CSV Diff Agent

Architecture diagram

Inspiration

In many data-driven teams, comparing two CSV files—before and after a transformation, migration, or system update—is a routine yet frustrating task. We were inspired by real-world frustrations: broken ETL pipelines, unnoticed schema drifts, and manual QA processes that eat up hours. Even worse, most tools either require Python scripting or generic chatbot hacks that don’t deliver reliable results.

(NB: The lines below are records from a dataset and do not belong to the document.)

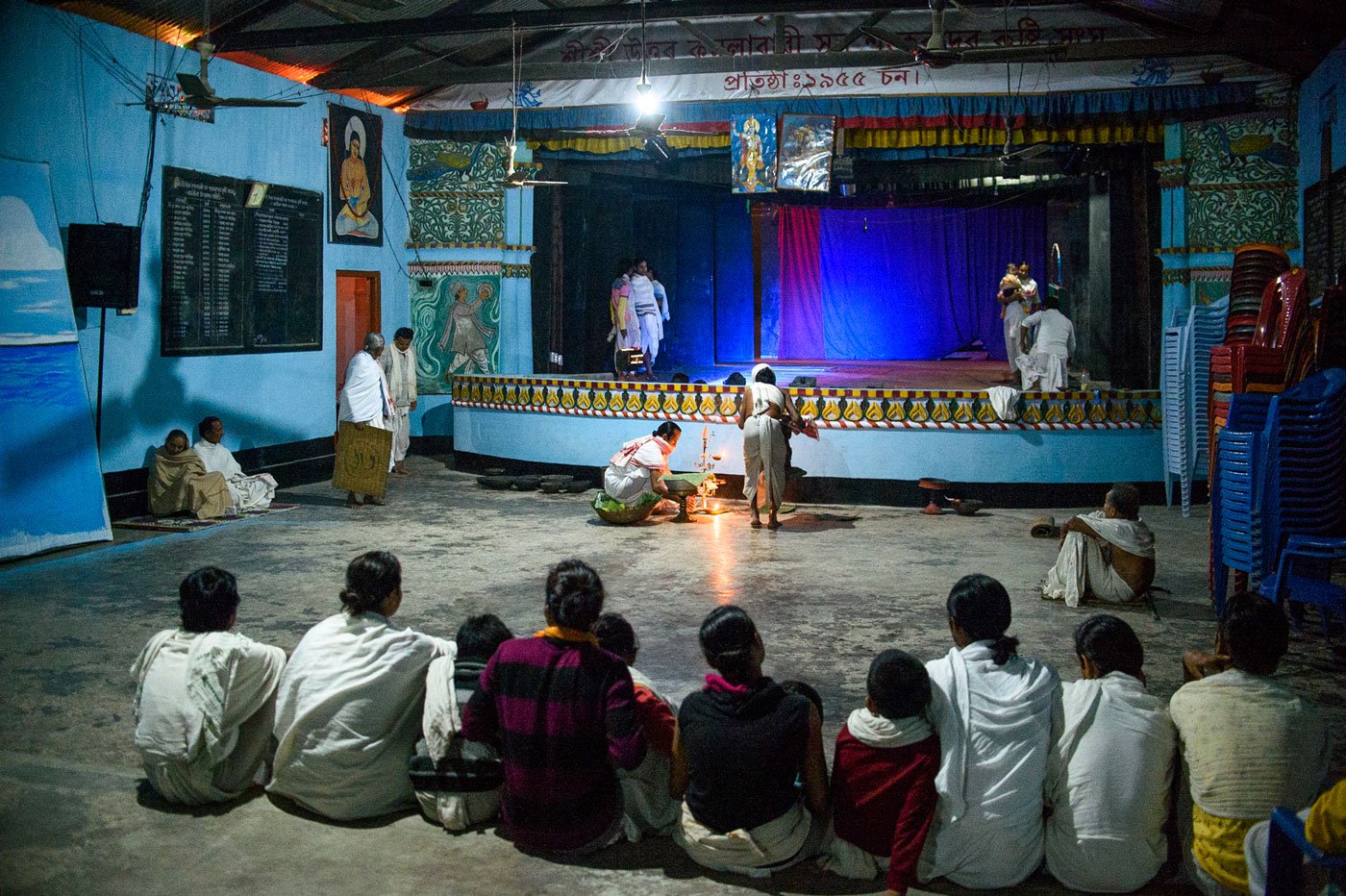At the Uttar Kamalabari Satra in 2016, monks prepare for the rehearsal of the Keli Gopal play set to be performed at the mahotsav. Before this auditorium was built in 1955, performances happened in the namghar (prayer house)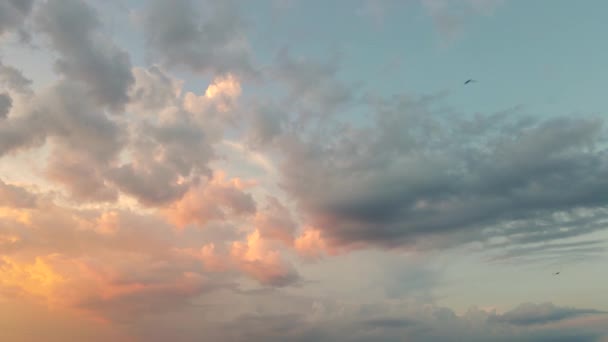Belle nuvole arancioni si muovono alla luce del sole contro il cielo blu. — Video Stock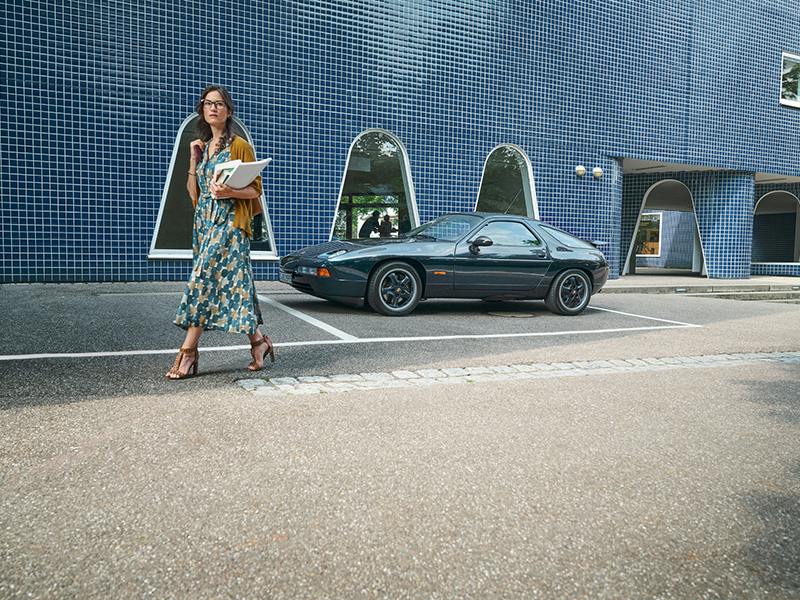 Blue Porsche 928 in front of a blue tiled building.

We asked ourselves: What if comparing two CSVs could be as simple as describing what you want in plain English?

What it does

File Processing & Analysis 📁

Automatic File Preview: Reads and displays the first 5 lines of uploaded CSV files
Smart File Naming: Suggests semantically meaningful names for uploaded files
Schema Analysis: Performs Exploratory Data Analysis (EDA) to understand file structure and data types
Format Normalization: Automatically standardizes column names and value formats between files

Data Comparison 🔍

Intelligent Diffing: Compares files at the string level after normalization
Composite Key Detection: Identifies dimensional columns for reliable data anchoring
Metric Value Handling: Distinguishes between dimensional and measure columns for accurate comparison
Discrepancy Detection: Identifies data changes, additions, and deletions between file versions

Output & Reporting 📋

Detailed Summary: Provides step-by-step documentation of file conformance process
Reproducible Code: Generates auditable Python code for manual reproduction
Artifact Sharing: Delivers original files, conformed files, and diff results
UUID-based Naming: Uses random UUIDs for output file organization

How we built it

The agent follows a structured workflow to ensure thorough data validation:

Input Validation: Verifies that exactly 2 CSV files are provided
File Inspection: Previews file contents and handles renaming
Data Profiling: Analyzes schema and data characteristics
Normalization: Standardizes formats to enable accurate comparison
Comparison: Performs detailed diff analysis using composite keys
Reporting: Generates summary with reproducible steps and code
Delivery: Shares all artifacts including original, processed, and diff files

Challenges we ran into

Designing a natural language interface that maps to reproducible, robust workflows
Making the tool stateless and safe to deploy in serverless environments
Ensuring the output was understandable for non-engineers, but still powerful enough for devs and data teams

Accomplishments that we're proud of

Built a fully working prototype that requires zero code from users
Bridged the gap between technical complexity and business usability

What we learned

Google ADK Mastery: Learned to build reliable, stateless agents with reproducible workflows.
Data Normalization: Handled messy, real-world CSVs with flexible, automated cleaning logic.
Composite Key Detection: Designed logic to anchor rows using multi-column keys for accurate diffing.